Objective: Epstein-Barr virus (EBV) infection has been linked to systemic lupus erythematosus (SLE), as demonstrated by the presence of increased seroprevalence and elevated viral loads, but the mechanism of this linkage has not been elucidated. Increased interferon-alpha (IFNalpha) levels and signatures, which are associated with innate immune responses, have been found in patients with SLE. Plasmacytoid dendritic cells (PDCs) are innate immune cells that mediate viral immunity by producing large quantities of IFNalpha, but the role they play during infection with EBV remains unclear. To address this issue, we investigated the ability of EBV to promote IFNalpha production by PDCs in healthy subjects.

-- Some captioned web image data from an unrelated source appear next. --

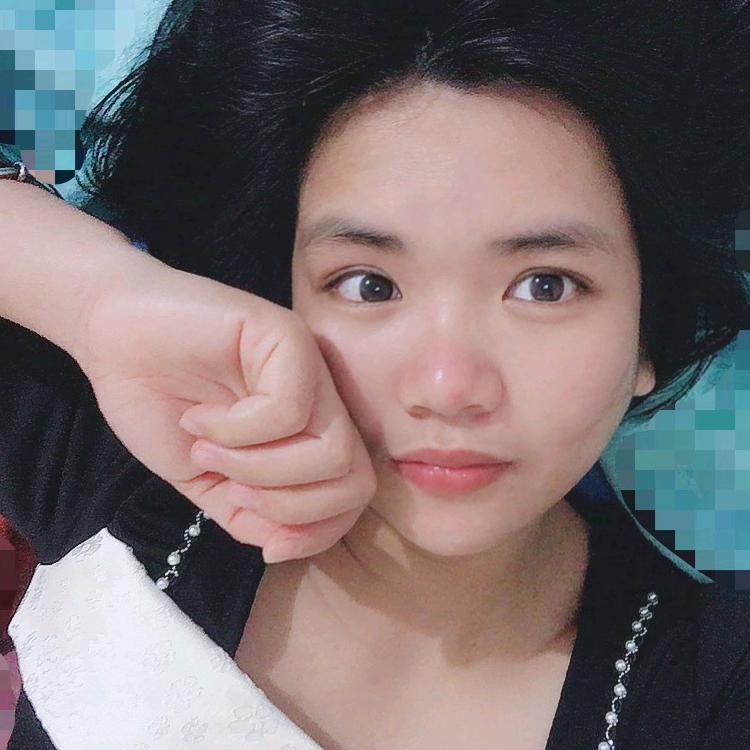 小小藤
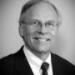 Photo: Dr. Paul Stanton, MD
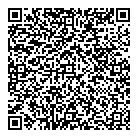 QR код "Zenden"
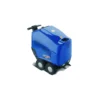 Hidrolimpiadora agua caliente Blueclean 5850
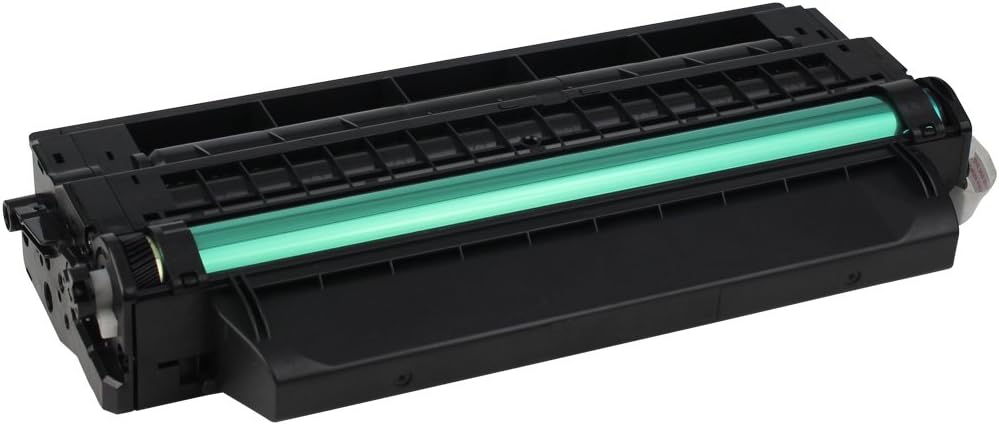 Mipuu Toner kompatibel zu Samsung MLT-D103L MLT-D103S für ML-2950 ML-2950n ML-2955dw SCX-4726fn SCX-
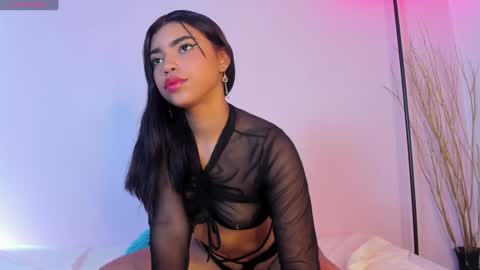 Snapshot of miia_brooklyn chatting on 01-04-25, 03:39 Miia Brooklyn online show from 01-04-25, 03:39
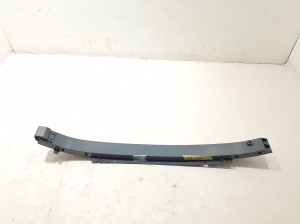 VOLVO V90 (2016–2026) Front bumper reinforcement 32427157 - 2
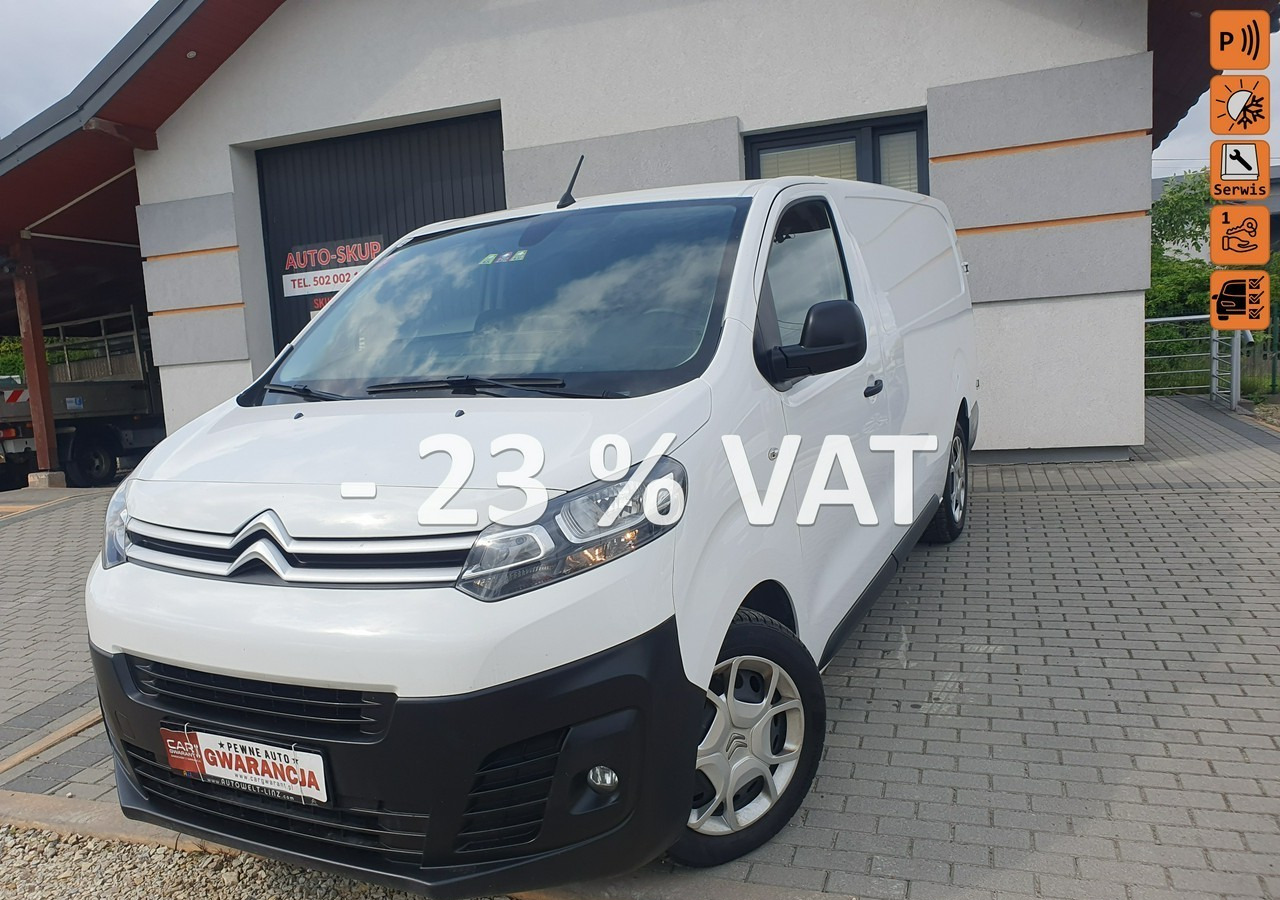 Opel Vivaro 2,0 Diesel | L3 H1 | Stan bdb *Long* - Gesloten bestelwagen: afbeelding 1 Opel Vivaro 2,0 Diesel | L3 H1 | Stan bdb *Long* - Gesloten bestelwagen: afbeelding 1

Methods: Human PDCs were sorted and cultured in the presence of EBV, EBV-encoded RNA, and EBV double-stranded DNA. IFNalpha production by PDCs was measured by enzyme-linked immunosorbent assay, with the activation of these cells measured by flow cytometry.
Results: We found that EBV DNA and RNA promoted IFNalpha production by human PDCs through engagement of Toll-like receptor 9 (TLR-9) and TLR-7, respectively, with the initial viral recognition by PDCs mediated by binding to class II major histocompatibility complex (MHC) molecules.
Conclusion: These data demonstrate that class II MHC-specific engagement by virus, with subsequent viral nucleic acid recognition, mediates IFNalpha production by PDCs. Our results suggest that elevated levels of IFNalpha found in SLE patients may be a result of aberrantly controlled chronic viral infection.